Com quinto álbum lançado nas vésperas de uma turnê cancelada, artista reflete sobre a solidão e o infinito à 'Rolling Stone Brasil'
Pedro Antunes, editor-chefe Publicado em 04/04/2020, às 18h00
Se fosse um filme, cena seria ideal para a sequência de início. Lá do alto, acima das nuvens, a câmera desce, desce, desce. Noite, madrugada, algumas poucas luzes ainda estão acesas naquela região de Portugal.
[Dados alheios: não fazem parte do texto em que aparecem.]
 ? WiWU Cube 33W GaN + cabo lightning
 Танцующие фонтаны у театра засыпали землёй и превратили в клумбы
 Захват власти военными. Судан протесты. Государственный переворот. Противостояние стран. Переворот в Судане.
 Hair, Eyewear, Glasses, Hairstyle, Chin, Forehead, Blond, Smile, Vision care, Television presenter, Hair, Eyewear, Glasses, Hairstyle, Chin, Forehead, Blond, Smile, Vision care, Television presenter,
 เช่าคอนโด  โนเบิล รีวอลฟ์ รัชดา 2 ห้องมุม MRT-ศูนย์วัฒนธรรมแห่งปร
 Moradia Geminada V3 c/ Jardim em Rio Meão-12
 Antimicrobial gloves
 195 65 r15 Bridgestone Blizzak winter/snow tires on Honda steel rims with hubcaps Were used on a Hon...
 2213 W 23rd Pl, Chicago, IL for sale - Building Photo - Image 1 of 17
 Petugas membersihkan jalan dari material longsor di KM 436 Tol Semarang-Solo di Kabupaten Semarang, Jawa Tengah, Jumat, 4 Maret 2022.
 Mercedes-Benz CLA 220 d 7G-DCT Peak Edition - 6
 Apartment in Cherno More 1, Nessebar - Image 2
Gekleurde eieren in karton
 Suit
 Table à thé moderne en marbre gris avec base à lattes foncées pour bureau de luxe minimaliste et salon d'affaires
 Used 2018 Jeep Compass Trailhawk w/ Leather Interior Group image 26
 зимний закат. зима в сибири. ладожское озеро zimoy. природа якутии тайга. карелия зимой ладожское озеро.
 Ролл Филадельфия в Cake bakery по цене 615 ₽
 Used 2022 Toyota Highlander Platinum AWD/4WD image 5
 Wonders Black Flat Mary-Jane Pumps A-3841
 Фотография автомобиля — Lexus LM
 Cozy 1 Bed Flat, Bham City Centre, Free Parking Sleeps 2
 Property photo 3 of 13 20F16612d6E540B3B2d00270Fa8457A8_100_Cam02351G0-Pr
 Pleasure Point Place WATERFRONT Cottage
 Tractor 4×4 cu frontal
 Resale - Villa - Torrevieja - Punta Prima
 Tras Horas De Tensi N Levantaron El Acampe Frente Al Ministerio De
Avistamos um rapaz, sozinho, sentado no banco de uma praça.
Ele usa fones de ouvido e um notebook no colo enquanto olha para cima, para a câmera, para nós, para as estrelas. A imagem segue em descida, passa por perto dos cabelos cacheados dele até ir de encontro à tela do computador no colo, como se a atravessasse. E estamos, de novo, no espaço, em nova descida, dessa vez mais rápida. Tudo se repete. Enfim, vem o letreiro: Cosmo, por Cícero.
Ali, quem está é Cícero Rosa Lins, um artista a finalizar o novo álbum, o quinto da carreira, um disco criado na solitude, Cosmo, lançado recentemente nas plataformas digitais (escolha aqui).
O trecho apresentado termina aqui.